#### [YOUR GOAL]
Exact copies of all the lines below are wanted, without a single picture.

#### [DATA SEGMENT]
___

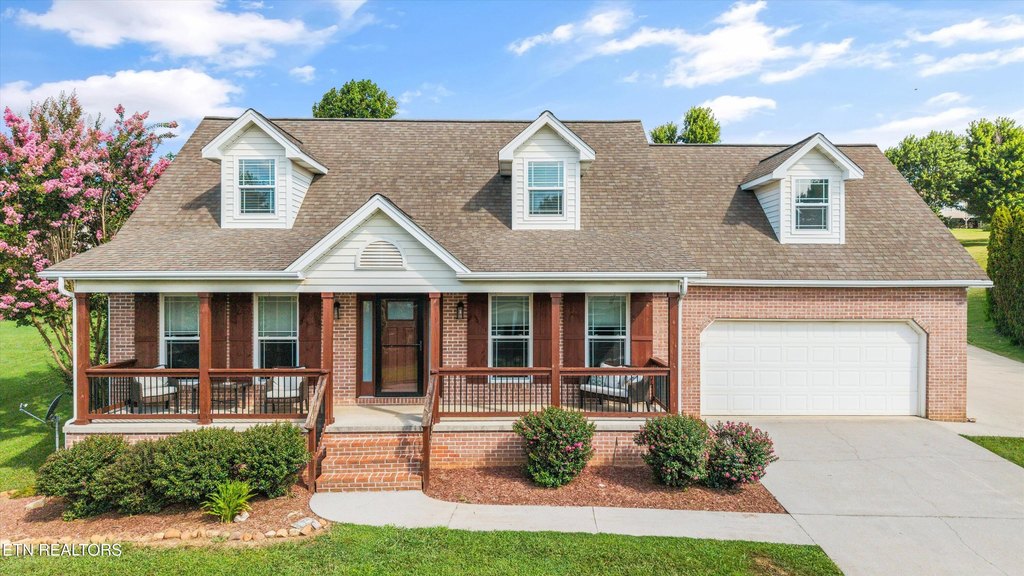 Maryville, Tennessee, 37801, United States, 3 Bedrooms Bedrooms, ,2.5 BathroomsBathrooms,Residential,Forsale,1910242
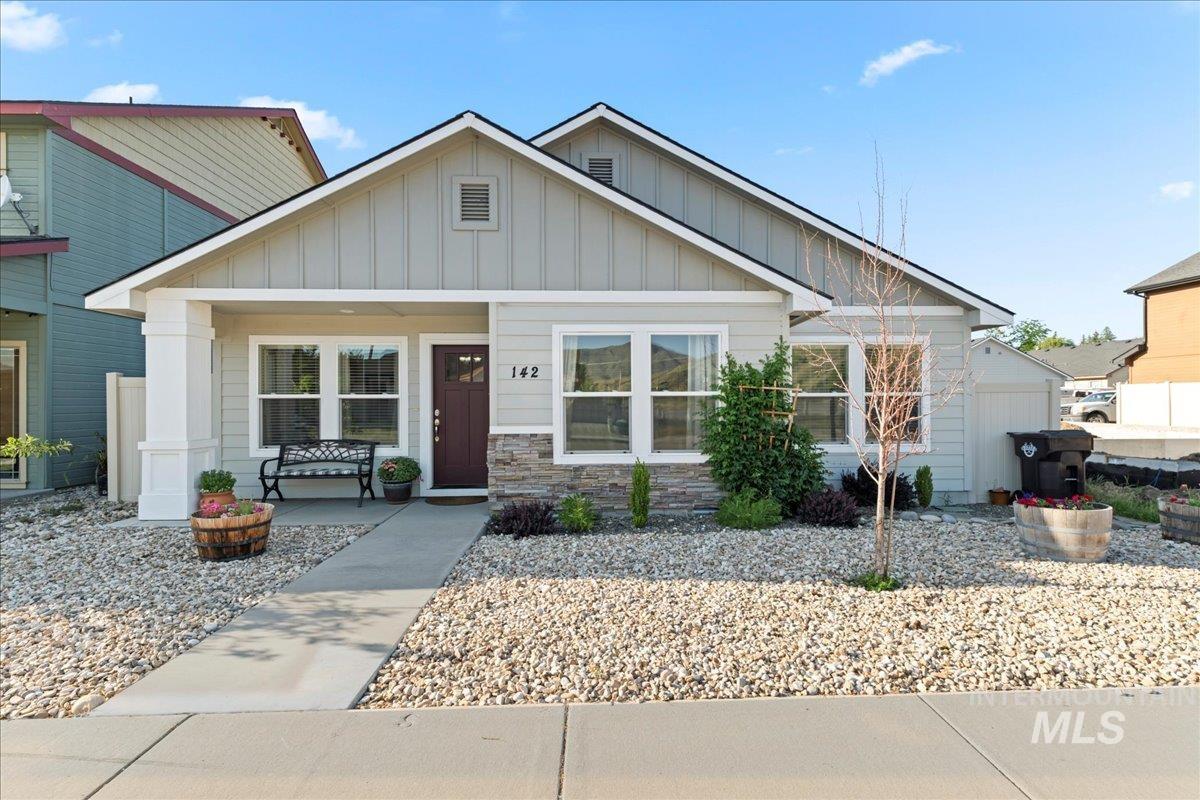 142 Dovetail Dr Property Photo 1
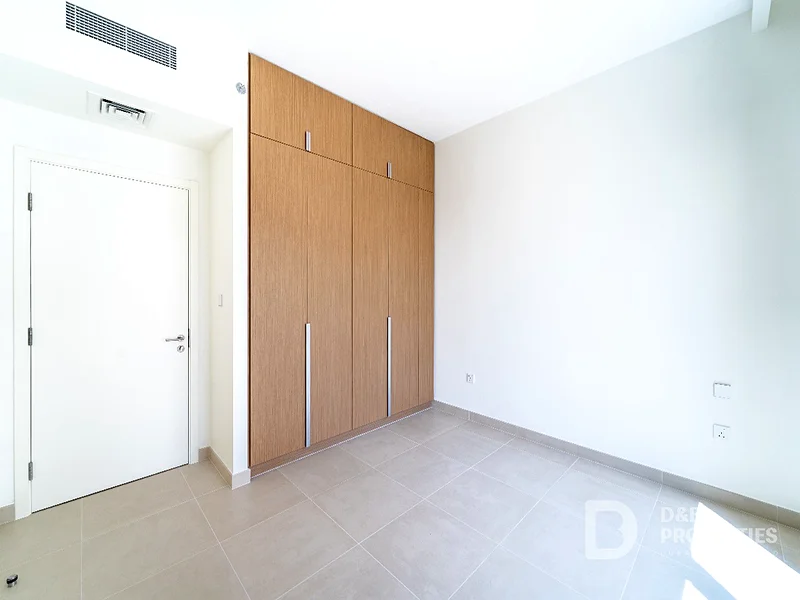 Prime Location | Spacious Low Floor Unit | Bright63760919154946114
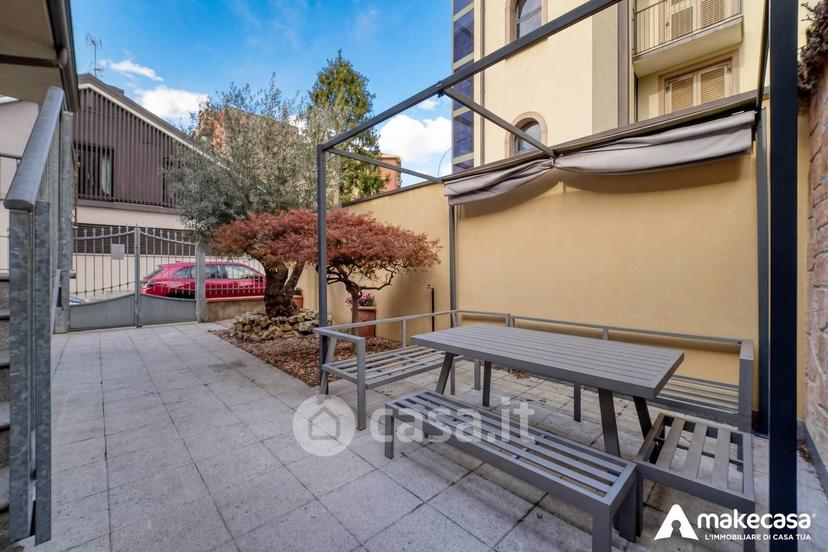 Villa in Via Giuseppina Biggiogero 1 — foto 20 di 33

___

#### [EXPECTED ANSWER]
 Maryville, Tennessee, 37801, United States, 3 Bedrooms Bedrooms, ,2.5 BathroomsBathrooms,Residential,Forsale,1910242
 142 Dovetail Dr Property Photo 1
 Prime Location | Spacious Low Floor Unit | Bright63760919154946114
 Villa in Via Giuseppina Biggiogero 1 — foto 20 di 33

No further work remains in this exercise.